春が大丈夫になってきた

良いことだと思う。
大学時代、視界が花々で埋まるあの華やかさが嫌だった。
青葉に反射する光が地面からも照り付け、日陰にいても眩しいあの感覚が嫌だった。
とにかく春が嫌いだった。
オガワが目が悪くて、日光を健常者より眩しく感じるせいかもしれないし、気圧の変化が激しく、体力の無い個体にはもともと大変な季節なのに朝から晩まで片道2時間かけて大学に通っていたからかもしれない。
さらには比較的好きな冬が終わるせいもあったかもしれない。

オガワはいつから春が嫌いだったか覚えていないほど昔から春が嫌いだった。中学くらいからなんとなく嫌いだったような気がする。
オオイヌノフグリを見つけて、花弁の淡い青と「デカい犬のキンタマ」という名前との乖離を笑うことでどうにか気を紛らわせながら通学路を歩いているような学生時代だった。
いつも地面を見ていて、ツユクサを見つけるとことさら嬉しかった。
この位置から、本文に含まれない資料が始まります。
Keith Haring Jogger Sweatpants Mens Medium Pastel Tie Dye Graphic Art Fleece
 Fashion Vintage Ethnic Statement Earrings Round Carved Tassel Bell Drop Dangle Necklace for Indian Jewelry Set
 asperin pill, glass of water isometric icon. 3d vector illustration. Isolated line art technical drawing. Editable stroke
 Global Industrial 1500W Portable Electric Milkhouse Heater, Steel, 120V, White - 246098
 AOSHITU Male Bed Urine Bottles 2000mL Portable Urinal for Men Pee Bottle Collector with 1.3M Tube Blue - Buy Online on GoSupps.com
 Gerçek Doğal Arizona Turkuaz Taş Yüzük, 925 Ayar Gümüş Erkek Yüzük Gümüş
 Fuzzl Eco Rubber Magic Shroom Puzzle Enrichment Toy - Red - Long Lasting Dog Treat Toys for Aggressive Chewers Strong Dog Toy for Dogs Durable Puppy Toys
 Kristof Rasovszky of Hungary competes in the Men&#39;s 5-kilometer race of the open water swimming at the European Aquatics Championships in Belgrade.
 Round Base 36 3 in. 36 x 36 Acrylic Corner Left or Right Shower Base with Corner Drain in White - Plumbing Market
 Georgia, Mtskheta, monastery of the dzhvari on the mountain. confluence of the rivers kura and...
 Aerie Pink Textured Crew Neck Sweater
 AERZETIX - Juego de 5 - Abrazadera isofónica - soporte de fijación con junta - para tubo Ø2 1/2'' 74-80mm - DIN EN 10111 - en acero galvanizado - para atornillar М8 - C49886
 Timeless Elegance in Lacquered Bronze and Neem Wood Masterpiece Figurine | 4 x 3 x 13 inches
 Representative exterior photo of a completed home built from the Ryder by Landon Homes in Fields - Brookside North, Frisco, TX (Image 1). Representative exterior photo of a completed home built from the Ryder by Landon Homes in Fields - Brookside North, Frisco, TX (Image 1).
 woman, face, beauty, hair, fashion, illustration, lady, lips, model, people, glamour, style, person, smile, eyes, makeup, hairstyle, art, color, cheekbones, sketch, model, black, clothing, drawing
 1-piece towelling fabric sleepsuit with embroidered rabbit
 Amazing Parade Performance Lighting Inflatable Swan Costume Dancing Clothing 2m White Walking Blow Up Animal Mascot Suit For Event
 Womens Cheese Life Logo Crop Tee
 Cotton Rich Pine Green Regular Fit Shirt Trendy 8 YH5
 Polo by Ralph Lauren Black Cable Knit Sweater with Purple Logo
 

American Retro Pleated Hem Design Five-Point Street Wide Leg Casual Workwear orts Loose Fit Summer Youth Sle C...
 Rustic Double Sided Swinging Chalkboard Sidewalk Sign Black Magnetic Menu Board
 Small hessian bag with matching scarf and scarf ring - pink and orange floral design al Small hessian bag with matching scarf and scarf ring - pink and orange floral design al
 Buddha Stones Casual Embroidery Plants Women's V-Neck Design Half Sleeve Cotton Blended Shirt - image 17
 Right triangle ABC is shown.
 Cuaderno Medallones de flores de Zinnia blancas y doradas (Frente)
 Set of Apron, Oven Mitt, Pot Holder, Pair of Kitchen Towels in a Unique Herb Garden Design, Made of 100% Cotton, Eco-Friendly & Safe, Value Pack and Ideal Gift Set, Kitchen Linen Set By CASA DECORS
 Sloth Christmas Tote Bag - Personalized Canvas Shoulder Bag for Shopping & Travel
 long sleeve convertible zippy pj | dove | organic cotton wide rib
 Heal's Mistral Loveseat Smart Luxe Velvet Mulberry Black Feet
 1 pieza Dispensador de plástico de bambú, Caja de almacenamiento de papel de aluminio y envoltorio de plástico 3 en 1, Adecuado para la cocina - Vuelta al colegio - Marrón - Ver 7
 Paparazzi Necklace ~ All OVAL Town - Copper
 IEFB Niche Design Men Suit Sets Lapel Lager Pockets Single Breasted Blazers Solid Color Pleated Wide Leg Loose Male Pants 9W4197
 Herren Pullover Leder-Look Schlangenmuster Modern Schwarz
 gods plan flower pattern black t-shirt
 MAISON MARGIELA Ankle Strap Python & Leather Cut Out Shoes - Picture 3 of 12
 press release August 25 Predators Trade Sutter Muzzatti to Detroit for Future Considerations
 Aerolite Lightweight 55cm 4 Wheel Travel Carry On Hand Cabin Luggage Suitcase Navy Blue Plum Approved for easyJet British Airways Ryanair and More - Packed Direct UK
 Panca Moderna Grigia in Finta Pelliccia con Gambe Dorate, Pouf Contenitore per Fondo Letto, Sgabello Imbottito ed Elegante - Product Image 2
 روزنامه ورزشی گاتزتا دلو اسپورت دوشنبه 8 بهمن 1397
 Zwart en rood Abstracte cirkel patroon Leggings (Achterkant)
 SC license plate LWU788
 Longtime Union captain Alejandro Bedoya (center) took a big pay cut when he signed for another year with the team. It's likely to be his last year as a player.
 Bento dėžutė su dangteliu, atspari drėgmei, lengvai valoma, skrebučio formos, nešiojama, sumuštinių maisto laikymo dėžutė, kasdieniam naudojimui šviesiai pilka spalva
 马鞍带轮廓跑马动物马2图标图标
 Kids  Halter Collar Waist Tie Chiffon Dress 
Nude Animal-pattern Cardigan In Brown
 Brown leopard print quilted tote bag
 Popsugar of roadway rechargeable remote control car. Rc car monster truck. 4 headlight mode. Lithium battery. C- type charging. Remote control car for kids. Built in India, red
とっとと梅雨になって欲しかった。

オガワは恐らく自分が思っているより体の弱い個体で、学生期の「移動」という作業は、春は過剰適応に近かったのだと思う。
一応「全く通えない」というエラーは生まなかったものの、上記のような鬱屈した思想を抱えた人間が周りに迷惑をかけずに過ごせていたかは皆目謎である。
ちなみに現在も春は調子を崩しやすく、頭痛薬をひと月で一箱使うし、強風恐怖症なので風の強い日は布団をかぶって動かない日がそこそこある。

現在、仕事はテレワークで、オガワの居住空間に他者は同居しておらず、他者と繋がりを持つ目的のSNS運用をやめている。

コミュニティに「安定したオガワ」を示す場面が少なくなったのが、春が大丈夫になった一番の要因だと思う。
そも、春のオガワは不安定なのだ。

また、春はコミュニティ内の入れ替えが激しかったりする。誰がどの立場になるかをよく見なくちゃならないし、学生時代は自分の立場が勝手に変更された。
その中で、他者には「安定したオガワ」という幻想を見せなければならない。不安定な人間はコミュニティから排除されやすいため。

学年が上がっても体調は悪くなく、
学年が上がっても怒りや苛立ちを示さず、
安定したオガワで。

え、大変だ。オガワは春大体頭が痛いのだ。
怒りや苛立ちを示さない、は無表情で良いということではなく「敵意のない振る舞いをしろ」ということで、ずっと笑っていると効率が良い。
オガワは春、大体頭が痛いのにずっと笑っていなければならなかった。
そりゃ、春を嫌いになる。大変すぎる。

今は楽なものだ。
最近暖かいので、縁側でひとりBBQをする。顔は無表情でいい。